Charchoune Serge (Сергей Шаршун)

Сергей Иванович Шаршун родился 4 (16) августа 1888 г. в Бугуруслане в купеческой семье.
     Его отец, словак по национальности, был купцом, он торговал тканями, домашней утварью, музыкальными инструментами. Шаршун ушел в себя, замкнулся, полюбил уединение, часто убегал к реке – речным и морским водам предстояло стать определяющим мотивом его творчества. Вода, точнее водная стихия, всегда вдохновляла будущего художника, он чувствовал себя «кармически с нею связанным», но никогда не мог объяснить это ощущение. Вероятно, поэтому большинство его картин будет посвящено воде или отголоскам вдохновения ею: однотонная бессюжетная поверхность, с разнонаправленными мазками, в некоторых местах оттенявшаяся более интенсивным цветом той же краски.
     Шаршун начал создавать свои первые работы, когда кто-то из родственников подарил акварельные краски. В начале 1900-х годов Шаршун учился в коммерческом училище Симбирска; революционные события 1905 г. прервали занятия и по приказанию отца он вернулся в Бугуруслан. Он мечтал о живописи и после долгих уговоров добился отцовского разрешения поступить в Казанскую художественную школу. Поступали сорок человек, и Шаршун оказался в числе четырех отвергнутых кандидатов: художник-самоучка плохо рисовал с натуры, а «заранее задуманные» композиции, по собственному признанию, были ему чужды.

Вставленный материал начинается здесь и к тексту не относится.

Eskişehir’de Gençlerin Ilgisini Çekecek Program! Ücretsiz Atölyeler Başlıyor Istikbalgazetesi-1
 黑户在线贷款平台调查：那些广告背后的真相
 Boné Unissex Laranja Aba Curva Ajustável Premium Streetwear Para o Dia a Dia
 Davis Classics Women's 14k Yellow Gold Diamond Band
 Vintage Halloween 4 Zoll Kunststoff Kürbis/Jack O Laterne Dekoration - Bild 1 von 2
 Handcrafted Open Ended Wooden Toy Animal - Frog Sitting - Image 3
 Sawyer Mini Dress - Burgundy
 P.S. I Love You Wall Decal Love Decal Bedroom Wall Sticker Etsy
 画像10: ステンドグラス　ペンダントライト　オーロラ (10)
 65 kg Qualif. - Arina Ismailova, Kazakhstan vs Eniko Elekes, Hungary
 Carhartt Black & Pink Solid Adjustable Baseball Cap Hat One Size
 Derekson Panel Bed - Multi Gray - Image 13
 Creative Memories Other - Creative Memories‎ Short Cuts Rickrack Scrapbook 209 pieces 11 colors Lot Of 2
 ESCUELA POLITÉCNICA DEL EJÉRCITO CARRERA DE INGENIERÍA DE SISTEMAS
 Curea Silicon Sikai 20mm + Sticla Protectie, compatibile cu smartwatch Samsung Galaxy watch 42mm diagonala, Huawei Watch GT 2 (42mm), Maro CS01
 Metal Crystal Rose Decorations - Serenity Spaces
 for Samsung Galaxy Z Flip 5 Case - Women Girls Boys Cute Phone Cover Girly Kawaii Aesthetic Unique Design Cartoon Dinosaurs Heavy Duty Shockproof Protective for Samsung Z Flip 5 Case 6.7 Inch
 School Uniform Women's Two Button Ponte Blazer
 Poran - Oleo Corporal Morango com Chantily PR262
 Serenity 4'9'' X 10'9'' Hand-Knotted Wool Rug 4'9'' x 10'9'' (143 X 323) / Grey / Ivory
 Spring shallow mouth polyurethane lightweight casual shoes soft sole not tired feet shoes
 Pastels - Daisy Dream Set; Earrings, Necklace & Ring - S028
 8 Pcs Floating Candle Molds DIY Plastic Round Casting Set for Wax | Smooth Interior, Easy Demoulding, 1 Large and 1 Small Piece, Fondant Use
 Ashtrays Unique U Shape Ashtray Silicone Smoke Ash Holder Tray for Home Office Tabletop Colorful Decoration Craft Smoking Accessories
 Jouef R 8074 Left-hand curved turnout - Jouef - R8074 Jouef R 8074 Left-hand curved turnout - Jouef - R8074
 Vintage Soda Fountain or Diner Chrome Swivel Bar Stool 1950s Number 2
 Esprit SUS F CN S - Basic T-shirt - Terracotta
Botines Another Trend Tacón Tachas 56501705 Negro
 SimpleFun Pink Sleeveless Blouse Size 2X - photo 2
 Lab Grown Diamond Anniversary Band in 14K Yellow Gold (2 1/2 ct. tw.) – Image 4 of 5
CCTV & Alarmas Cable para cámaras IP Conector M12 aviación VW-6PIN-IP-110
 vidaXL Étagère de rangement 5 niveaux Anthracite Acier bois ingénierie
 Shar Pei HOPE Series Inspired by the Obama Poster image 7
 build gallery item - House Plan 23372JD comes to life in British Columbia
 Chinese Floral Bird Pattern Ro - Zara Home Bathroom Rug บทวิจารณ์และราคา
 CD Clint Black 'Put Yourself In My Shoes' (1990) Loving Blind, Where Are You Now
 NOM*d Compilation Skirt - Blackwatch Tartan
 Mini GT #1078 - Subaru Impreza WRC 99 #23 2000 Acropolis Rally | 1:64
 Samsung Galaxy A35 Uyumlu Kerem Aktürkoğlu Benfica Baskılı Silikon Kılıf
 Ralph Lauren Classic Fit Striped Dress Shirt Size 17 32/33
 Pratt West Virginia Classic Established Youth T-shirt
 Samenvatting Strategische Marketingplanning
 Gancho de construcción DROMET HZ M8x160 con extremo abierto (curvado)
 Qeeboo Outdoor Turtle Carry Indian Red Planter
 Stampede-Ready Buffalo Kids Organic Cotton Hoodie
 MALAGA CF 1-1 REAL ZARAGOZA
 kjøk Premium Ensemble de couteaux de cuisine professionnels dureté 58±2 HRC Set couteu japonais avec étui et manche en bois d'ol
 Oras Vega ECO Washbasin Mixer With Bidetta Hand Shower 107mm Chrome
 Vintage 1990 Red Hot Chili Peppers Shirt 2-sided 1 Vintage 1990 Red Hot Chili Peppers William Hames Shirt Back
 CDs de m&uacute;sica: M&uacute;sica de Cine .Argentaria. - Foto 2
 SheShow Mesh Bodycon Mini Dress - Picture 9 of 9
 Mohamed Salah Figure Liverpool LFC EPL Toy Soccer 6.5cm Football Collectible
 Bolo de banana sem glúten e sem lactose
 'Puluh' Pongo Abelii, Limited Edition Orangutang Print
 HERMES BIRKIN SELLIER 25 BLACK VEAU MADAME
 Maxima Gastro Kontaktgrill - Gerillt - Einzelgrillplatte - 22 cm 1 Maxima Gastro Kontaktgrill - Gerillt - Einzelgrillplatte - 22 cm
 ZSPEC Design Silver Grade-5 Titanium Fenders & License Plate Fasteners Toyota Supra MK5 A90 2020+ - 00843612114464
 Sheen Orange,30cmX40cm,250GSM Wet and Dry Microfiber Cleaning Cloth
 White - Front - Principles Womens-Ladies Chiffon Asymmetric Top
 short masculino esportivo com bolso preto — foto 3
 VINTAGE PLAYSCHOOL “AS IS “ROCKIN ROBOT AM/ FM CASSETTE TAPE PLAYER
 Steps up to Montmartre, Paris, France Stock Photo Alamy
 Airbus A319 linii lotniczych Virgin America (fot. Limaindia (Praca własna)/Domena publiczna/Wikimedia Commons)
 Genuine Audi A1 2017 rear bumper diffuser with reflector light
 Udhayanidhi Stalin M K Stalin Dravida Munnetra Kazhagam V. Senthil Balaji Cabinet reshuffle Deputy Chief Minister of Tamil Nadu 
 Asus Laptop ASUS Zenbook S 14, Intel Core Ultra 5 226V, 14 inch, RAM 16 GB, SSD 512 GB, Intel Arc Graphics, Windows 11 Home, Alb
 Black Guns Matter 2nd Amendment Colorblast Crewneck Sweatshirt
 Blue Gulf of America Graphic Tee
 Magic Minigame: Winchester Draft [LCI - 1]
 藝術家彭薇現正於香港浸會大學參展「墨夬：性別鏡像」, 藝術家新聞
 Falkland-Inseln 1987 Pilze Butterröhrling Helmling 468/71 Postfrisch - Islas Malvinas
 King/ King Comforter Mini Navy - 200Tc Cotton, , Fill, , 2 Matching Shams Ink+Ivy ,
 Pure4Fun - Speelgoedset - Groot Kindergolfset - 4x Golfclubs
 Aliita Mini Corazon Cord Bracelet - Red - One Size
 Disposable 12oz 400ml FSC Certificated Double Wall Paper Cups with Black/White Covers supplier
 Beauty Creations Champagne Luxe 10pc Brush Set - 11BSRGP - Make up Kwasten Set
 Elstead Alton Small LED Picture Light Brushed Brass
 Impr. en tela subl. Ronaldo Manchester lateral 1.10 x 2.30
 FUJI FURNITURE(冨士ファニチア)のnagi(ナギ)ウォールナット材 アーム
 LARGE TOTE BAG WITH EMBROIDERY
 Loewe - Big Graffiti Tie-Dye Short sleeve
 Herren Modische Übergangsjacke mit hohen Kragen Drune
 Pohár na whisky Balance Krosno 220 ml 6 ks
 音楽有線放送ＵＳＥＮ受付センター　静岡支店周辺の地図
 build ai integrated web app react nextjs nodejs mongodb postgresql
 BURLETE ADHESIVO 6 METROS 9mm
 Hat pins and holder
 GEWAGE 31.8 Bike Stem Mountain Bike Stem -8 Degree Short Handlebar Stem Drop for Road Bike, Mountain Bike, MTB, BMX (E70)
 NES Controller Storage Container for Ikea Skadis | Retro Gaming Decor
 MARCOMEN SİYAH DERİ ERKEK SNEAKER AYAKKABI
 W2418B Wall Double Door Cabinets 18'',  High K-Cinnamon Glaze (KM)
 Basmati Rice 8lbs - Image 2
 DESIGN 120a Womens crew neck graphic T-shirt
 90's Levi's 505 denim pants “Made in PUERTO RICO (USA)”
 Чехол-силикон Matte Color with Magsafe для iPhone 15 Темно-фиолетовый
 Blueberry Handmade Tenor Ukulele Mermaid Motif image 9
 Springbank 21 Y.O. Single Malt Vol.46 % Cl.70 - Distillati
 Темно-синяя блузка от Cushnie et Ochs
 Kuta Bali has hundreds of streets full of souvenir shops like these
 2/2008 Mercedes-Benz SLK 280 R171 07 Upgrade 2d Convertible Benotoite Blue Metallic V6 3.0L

     Шаршун не сдался и уехал в Москву. С осени 1909 по лето 1910 г. он посещал различные студии, в том числе мастерские К. Юона и И. Машкова, познакомился с М. Ларионовым и Н. Гончаровой, с творчеством кубистов. В 1910 г. он был призван на военную службу, однако в 1912 г. дезертировал и через Польшу и Берлин добрался до Франции. В середине июля 1912 г. Шаршун был уже в Париже. На протяжении лета он посещал курсы в Русской Свободной академии М. Васильевой, осенью поступил в Академию кубистов «La Pallette», где преподавали Ж. Метценже, Д. де Сегонзак и А. Ле Фоконье. Шаршун находился под значительным влиянием Ле Фоконье, в работах которого находил «все то, чего ждал от французского кубизма – формальную четкость линий, строгий анализ темы, глубокий пантеизм, пропитанный символикой». По словам Шаршуна, «Париж не был для меня откровением, зато Лувр меня восхитил»; его любимые художники тех лет – Э. Делакруа, Ж. Сера и А. Матисс. С 1913 г. Шаршун выставлял свои произведения в Салоне независимых, летние же месяцы, по совету Ле Фоконье, проводил в Бретани – в излюбленном художниками живописном селении Плуманак. Здесь он познакомился с молодым скульптором Еленой Грингоф, москвичкой, учившейся у А. Бурделя и А. Архипенко – она оставалась с Шаршуном вплоть до разрыва в 1923 г. Некоторые биографы описывают ее как единственную известную женщину в жизни Шаршуна, дожившего почти до 90 лет.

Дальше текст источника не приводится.